AMSA

Setting up Virtualbox’s OVA and Git brief

Authors

Ferran Aran Domingo

Oriol Agost Batalla

Pablo Fraile Alonso

Introduction

This page covers how to set up Virtualbox with the subject’s virtual machine and a brief on Git’s basics

Setting up the subject’s OVA in VirtualBox

General (both architectures)

Install Virtualbox

Important

If you already have Virtualbox installed, and your version is lower than 7.2.0 (which is pretty probable):

  1. Completely uninstall Virtualbox
  2. Reinstall Virtualbox completely, from the newest version

If you’re curious about the issue and why it was breaking down, you can check the issue and/or the commit that broke it all.

Important

Download the image from safari or firefox, brave or chrome don’t work.

Non-silicon/x86 (Linux/Windows users)

Download the image from this link and double-click it to import the box. User amsa and password amsa

Silicon/ARM (MAC M1 or newer users)

Download the image from this link and double-click it to import the box. User amsa and password amsa

Git summary

As previously stated, we’ll be using Git and Github to complete assignments.
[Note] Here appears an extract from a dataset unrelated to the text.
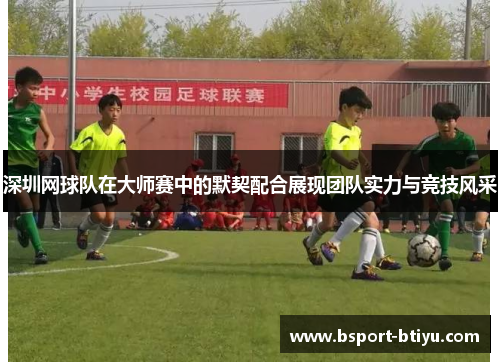 深圳网球队在大师赛中的默契配合展现团队实力与竞技风采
Every time you accept an assignment through Github classroom, a Github repository will be created under your Github account.

Creating an SSH key to authenticate to Github

You can skip this step if you already have an SSH key configured on your machine to be used on Github

The first step will be to create an SSH key on your machine to authenticate to Github and be able to interact with it. For this, you can follow Github’s guide on how to do it.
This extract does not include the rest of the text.